I don't know that rope wraps offer any benefits if you are running pins and clips or if you run with oar rights. IMHO.


----------



## Randaddy (Jun 8, 2007)

BarryDingle said:


> Fugg,that sounds like a fun trip. Are you floating the Uinta Basin's (north and south)above Deso,i take it?? Then thru GR and Labyrinth and Stillwater?

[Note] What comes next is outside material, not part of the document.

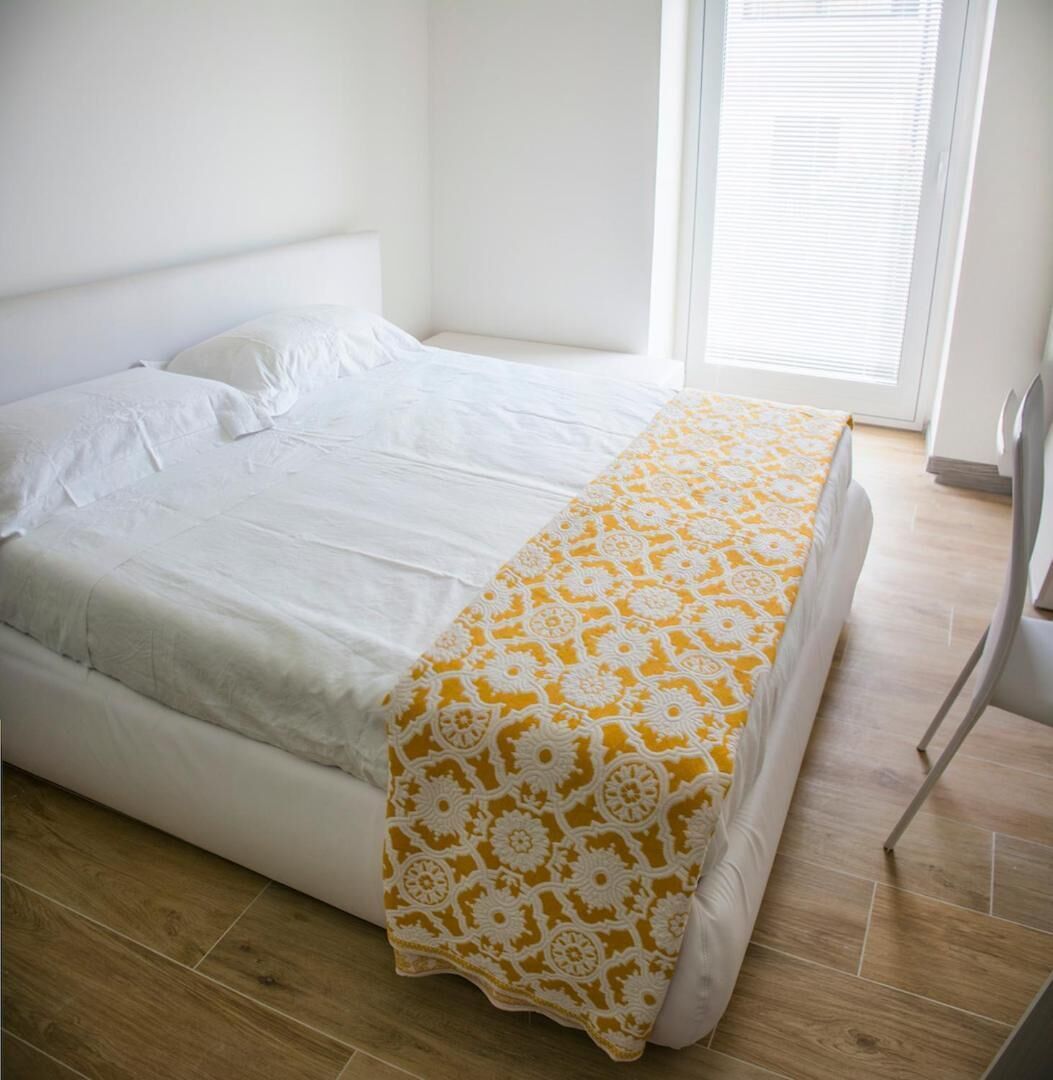 Un lit bien fait, recouvert d’une couvre-lit à motifs blancs et jaunes, dans une pièce lumineuse dotée d’un plancher en bois et d’une fenêtre avec des stores.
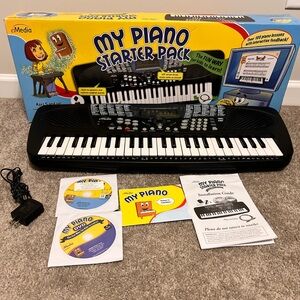 Practically new keyboard/piano for kids. All parts included except USB cable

Yeo. The whole enchilada from Flaming Gorge Dam to Dirty Devil, then the section above Lee's and the Grand Canyon. Have you been down the basins Dingle? Any advice?


----------



## BrianK (Feb 3, 2005)

randy your dates for ladore are during my spring break, and i want to come. Let me know if thats cool. Also, if cool, how may days are you planning for that section? 
Brian


----------



## Randaddy (Jun 8, 2007)

Super Western River trip 2009
3/20-22 – Flaming Gorge Dam to Lodore (Dinosaur National Monument , CO)
46 miles in 3 days 
Recreational use pass required for Flaming Gorge National Recreation Area. Available from local merchants.
10 year flow average for March/April: 1,360-1,370

3/23-27 – Dinosaur National Monument to Jensen, UT (Gates of Lodore)
3/23-3/24 - Lodore to Echo Park (Lodore Canyon): 27 miles
3/24-3/26 – Echo Park to Split Mountain
3/27 – Split Mountain to Jensen
59 miles in 5 days
Permits needed for Brown’s Park (“play-permit”), Lodore, Below Split Mountain (“play permit”): Contact Dinosaur Natl. Monument River Office at (970) 374-2468 on 3/2/08 between 8am and 12pm $200+ including $15 application fee

3/28-4/1 – Jensen, UT to Desolation Canyon Launch
83 miles in 5 days
No permit necessary
10 year flow average near Greendale, UT for March/April: 2,740-4,760

4/2-4/10 – Desolation Canyon Launch to Green River, UT (Desolation/Gray canyons)
94 miles in 9 days
Permit for Desolation Canyon acquired ($20 paid 12/1/08)
Permits required for Desolation and Labyrinth Canyons: Contact BLM at (435) 636-0975 on 11/3/08 between 8am and 12pm for Desolation Canyon. Labyrinth permit is free, print and carry a copy, leaving one copy at put-in. $20 application fee (paid) + $25 per person + $10 transaction fee for Desolation due NO LATER that 3/1/09.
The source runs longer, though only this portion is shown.